We will use the model from https://github.com/metalbubble/CAM



In [2]:

    
# We'll need to download the model weights
# Make sure you run this script to download the model weights file
# experiments/visualization/CAM/models/download.sh



In [3]:

    
cam_path = 'visualization/CAM'
model_definition = cam_path + '/models/deploy_googlenetCAM.prototxt'
model_weights    = cam_path + '/models/imagenet_googleletCAM_train_iter_120000.caffemodel'

caffe.set_mode_gpu()
net = caffe.Net(model_definition,
         model_weights,
         caffe.TEST)
print 'Net model sucessfully loaded'









    



Net model sucessfully loaded



In [4]:

    
# load the mean places image 
mu = np.load('Emotion6/places205CNN_mean.npy')
mu = mu.mean(1).mean(1)  # average over pixels to obtain the mean (BGR) pixel values
print 'mean-subtracted values:', zip('BGR', mu)
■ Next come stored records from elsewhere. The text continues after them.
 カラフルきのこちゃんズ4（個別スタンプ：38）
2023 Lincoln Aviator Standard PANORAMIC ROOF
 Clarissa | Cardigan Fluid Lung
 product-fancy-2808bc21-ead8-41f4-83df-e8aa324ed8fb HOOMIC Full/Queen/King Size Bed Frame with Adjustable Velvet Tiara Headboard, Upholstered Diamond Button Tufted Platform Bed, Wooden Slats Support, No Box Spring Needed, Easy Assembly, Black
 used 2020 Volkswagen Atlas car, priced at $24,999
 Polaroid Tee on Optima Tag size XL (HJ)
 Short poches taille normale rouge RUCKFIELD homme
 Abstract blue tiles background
# create transformer for the input called 'data'
transformer = caffe.io.Transformer({'data': net.blobs['data'].data.shape})
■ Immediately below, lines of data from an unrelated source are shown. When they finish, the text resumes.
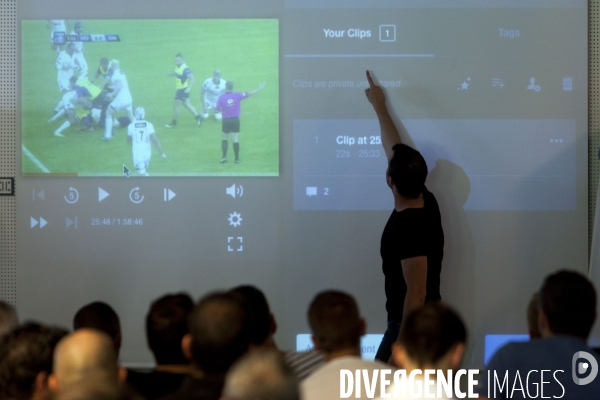 Arbitres rugby
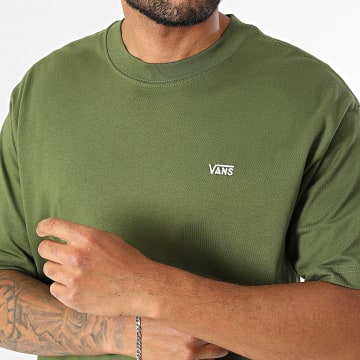 Vans - T-Shirt Left Chest 010FF Verde Kaki
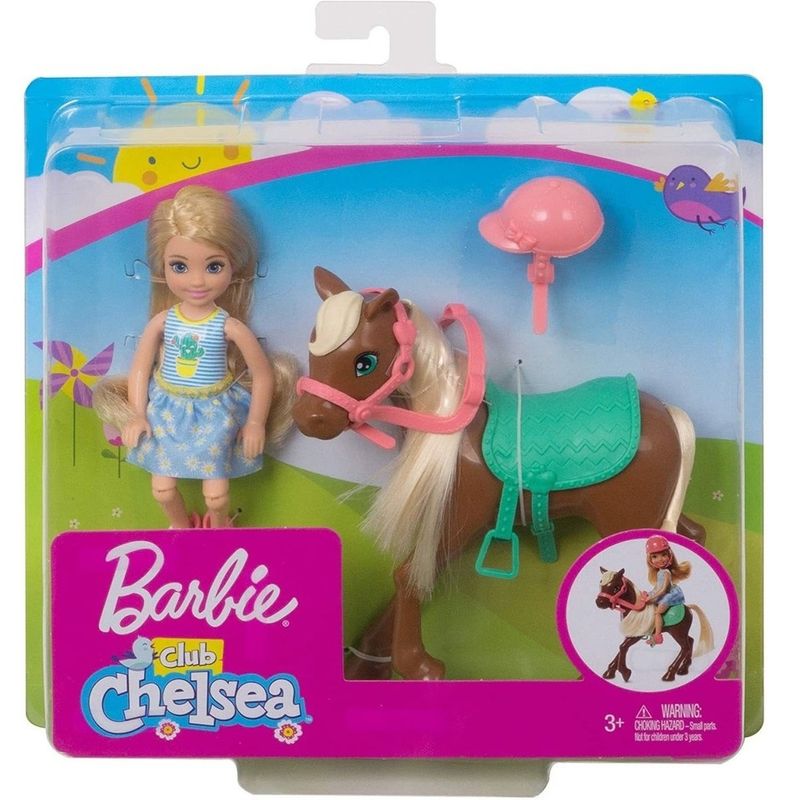 Barbie-Club-Chelsea-Loira-Com-Ponei---Mattel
transformer.set_transpose('data', (2,0,1))  # move image channels to outermost dimension
transformer.set_mean('data', mu)            # subtract the dataset-mean value in each channel
transformer.set_raw_scale('data', 255)      # rescale from [0, 1] to [0, 255]
transformer.set_channel_swap('data', (2,1,0))  # swap channels from RGB to BGR









    



mean-subtracted values: [('B', 104.92972906422801), ('G', 113.25471068604384), ('R', 116.20969209889881)]
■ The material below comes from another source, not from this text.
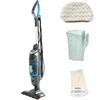 Bissell Vac & Steam - Scopa a vapore elettrica 2 in 1 - 1600W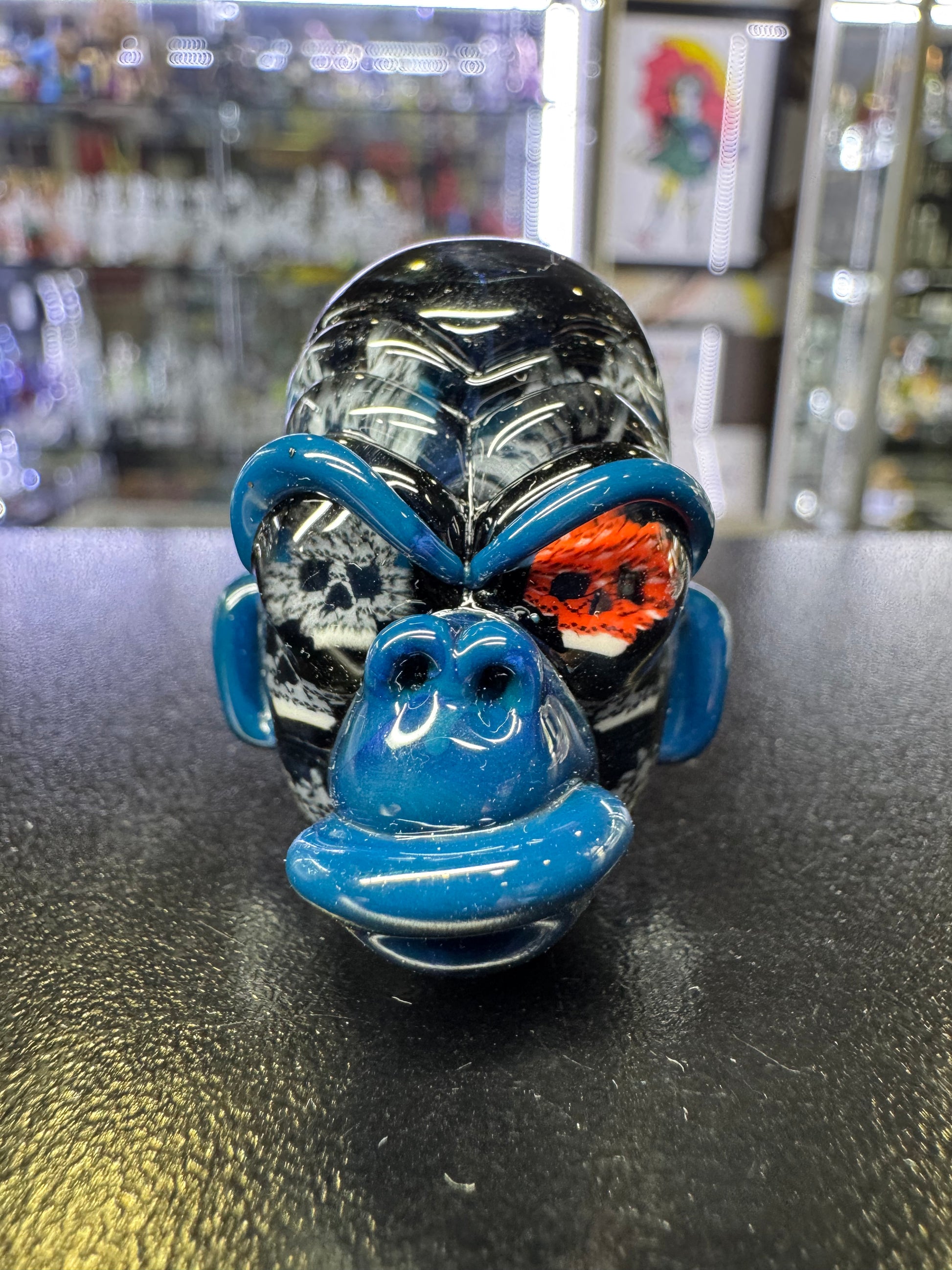 Firefly x Crunk Crunklestien closed mouth gorilla Pendy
Classifying images in the test set



In [5]:

    
def classify_image(image_file):
    image = caffe.io.load_image(image_file)
    net.blobs['data'].data[...] = transformer.preprocess('data', image)
    # perform classification
    net.forward()
    
def show_image(image_file):
    image = caffe.io.load_image(image_file)
    plt.imshow(image)
    plt.show()

sample_image = 'visualization/CAM/img2.jpg'
show_image(sample_image)



In [6]:

    
classify_image(sample_image)

conv_blobs    = net.blobs['CAM_conv'].data[0]
weight_matrix = net.params['CAM_fc'][0].data
net_output    = net.blobs['prob'].data[0]



In [7]:

    
def weights_for_class(class_idx):
    return weight_matrix[class_idx,:]

c = conv_blobs.reshape([conv_blobs.shape[0], conv_blobs.shape[1]*conv_blobs.shape[2]])    

import scipy

def show_CAM(img, idx):
    w = weights_for_class(idx)
    CAM = c.transpose().dot(w)
    print 'Class no. %i Activation Mapping' % idx
    mask = CAM.reshape(14,14)
    threshold = 0.5*mask.max()
    mask[mask < threshold] = 0
    mask = scipy.misc.imresize(mask,img.shape[:2])     
    masked = img * mask[:,:,None]
    f, axarr = plt.subplots(1,2)
    axarr[0].imshow(img)
    axarr[1].imshow(masked/masked.max())
    plt.show()

top5_ids = np.argsort(net_output)[-5:][::-1]
image = caffe.io.load_image(sample_image)

for class_id in top5_ids:
    show_CAM(image, class_id)
    plt.show()









    



Class no. 698 Activation Mapping






    












    



Class no. 538 Activation Mapping






    












    



Class no. 873 Activation Mapping






    












    



Class no. 497 Activation Mapping






    












    



Class no. 406 Activation Mapping

Next steps:

Finetuning of the CAM nets to work with thresholded valendce annotations
Training with the new database (IAPS)
Finetune a NiN model and examine the inner convolutional layers' outputs. Do they retain semantic information?
Localization:
- Choose a database (or databases) with object (localization) annotations (maybe MS COCO)
- Create positive and negative samples: positives contain the objects of interest, negatives do not contain objects.
- Train a 2-class classifier.
- Analyze the CAM output. Does it contain localization information?
- Plan B: analyze the RF output of the conv layers and relate it to object O location.
How do RFs evolve during fine tuning?